La devastazione e i tentativi di contenimento
Le immagini aeree della zona colpita mostrano un panorama desolante: quartieri interi rasi al suolo, strade ingombre di macerie e veicoli abbandonati, alberi inceneriti e un’atmosfera cupa resa ancor più soffocante dal fumo che oscura il cielo. Il Palisades Fire, il più vasto dei roghi, ha già bruciato oltre 21.300 acri ed è contenuto solo per l’8%. L’Eaton Fire, che imperversa nei pressi di Pasadena, ha distrutto quasi 5.000 strutture e si trova in una fase di contenimento del 3%.
Malibu, una delle località più iconiche della costa californiana, famosa per le sue case su palafitte a ridosso dell’oceano e per i suoi paesaggi mozzafiato, è stata quasi interamente cancellata dalle fiamme. Pacific Palisades, residenza di numerose star di Hollywood, è stata ridotta a cenere: ville lussuose e dimore storiche sono scomparse nel nulla, lasciando solo un paesaggio spettrale di macerie e cenere.
Altadena, una comunità che ospitava famiglie di ceto medio e lavoratori, ha subito gravissimi danni, con interi isolati rasi al suolo.
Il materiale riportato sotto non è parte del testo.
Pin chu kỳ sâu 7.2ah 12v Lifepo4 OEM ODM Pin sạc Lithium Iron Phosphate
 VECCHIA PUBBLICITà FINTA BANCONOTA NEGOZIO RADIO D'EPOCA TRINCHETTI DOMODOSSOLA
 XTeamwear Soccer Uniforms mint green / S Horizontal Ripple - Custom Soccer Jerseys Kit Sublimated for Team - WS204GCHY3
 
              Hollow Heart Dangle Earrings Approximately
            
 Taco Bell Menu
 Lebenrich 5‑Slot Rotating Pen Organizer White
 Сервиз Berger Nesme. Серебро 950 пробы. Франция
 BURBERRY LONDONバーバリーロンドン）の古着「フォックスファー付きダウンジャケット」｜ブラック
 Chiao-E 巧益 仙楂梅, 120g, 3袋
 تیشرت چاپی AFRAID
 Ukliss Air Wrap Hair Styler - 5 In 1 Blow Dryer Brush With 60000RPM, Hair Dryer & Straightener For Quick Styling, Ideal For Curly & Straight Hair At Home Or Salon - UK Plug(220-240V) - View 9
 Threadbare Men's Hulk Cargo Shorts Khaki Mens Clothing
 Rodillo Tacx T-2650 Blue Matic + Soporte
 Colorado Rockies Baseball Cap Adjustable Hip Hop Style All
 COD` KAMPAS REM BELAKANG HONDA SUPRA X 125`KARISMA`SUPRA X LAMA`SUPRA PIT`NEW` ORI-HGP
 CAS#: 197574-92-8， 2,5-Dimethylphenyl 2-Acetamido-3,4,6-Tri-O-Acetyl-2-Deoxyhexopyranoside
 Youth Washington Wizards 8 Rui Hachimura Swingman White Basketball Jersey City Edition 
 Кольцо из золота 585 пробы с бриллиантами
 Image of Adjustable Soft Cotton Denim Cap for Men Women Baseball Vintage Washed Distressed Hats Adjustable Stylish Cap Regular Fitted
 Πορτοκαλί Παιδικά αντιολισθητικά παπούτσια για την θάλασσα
Anche Santa Monica, con le sue famose spiagge e il celebre molo, ha vissuto momenti di grande tensione, quando il fuoco minacciava di raggiungere il centro cittadino.
La reazione politica: tra polemiche e accuse
In questo contesto drammatico, la politica americana non si è fatta attendere. Il presidente Joe Biden ha dichiarato lo stato di emergenza, autorizzando l’erogazione di fondi federali per supportare gli sfollati e finanziare le operazioni di soccorso. Tuttavia, l’evento ha rapidamente assunto una dimensione politica. Donald Trump, presidente eletto, ha attaccato duramente il governatore della California Gavin Newsom, accusandolo di cattiva gestione e chiedendone le dimissioni. Anche il sindaco di Los Angeles, Karen Bass, è finita sotto accusa per la sua assenza durante le prime fasi della crisi, essendo impegnata in una missione ufficiale in Ghana.
“Non lasceremo che la politica interferisca con il nostro lavoro”, ha replicato Bass in una conferenza stampa, sottolineando che la priorità resta la salvaguardia delle vite umane. Nel frattempo, le autorità stanno indagando sulle cause degli incendi: sebbene un piromane sia stato arrestato a Woodland Hills, le prime ipotesi indicano che la scintilla iniziale possa essere partita da un guasto alla rete elettrica locale.
La risposta della comunità: solidarietà e resilienza
Di fronte alla distruzione, la comunità di Los Angeles ha mostrato una straordinaria resilienza. Oltre 150.000 persone sono state evacuate dalle loro abitazioni e molte hanno trovato rifugio presso amici, parenti o in hotel che offrono tariffe scontate per gli sfollati. Airbnb ha messo a disposizione alloggi gratuiti per chi ha perso la casa, numerosi alberghi si sono improvvisati come campi per rifugiati, mentre aziende come Uber e Lyft offrono corse scontate verso i rifugi.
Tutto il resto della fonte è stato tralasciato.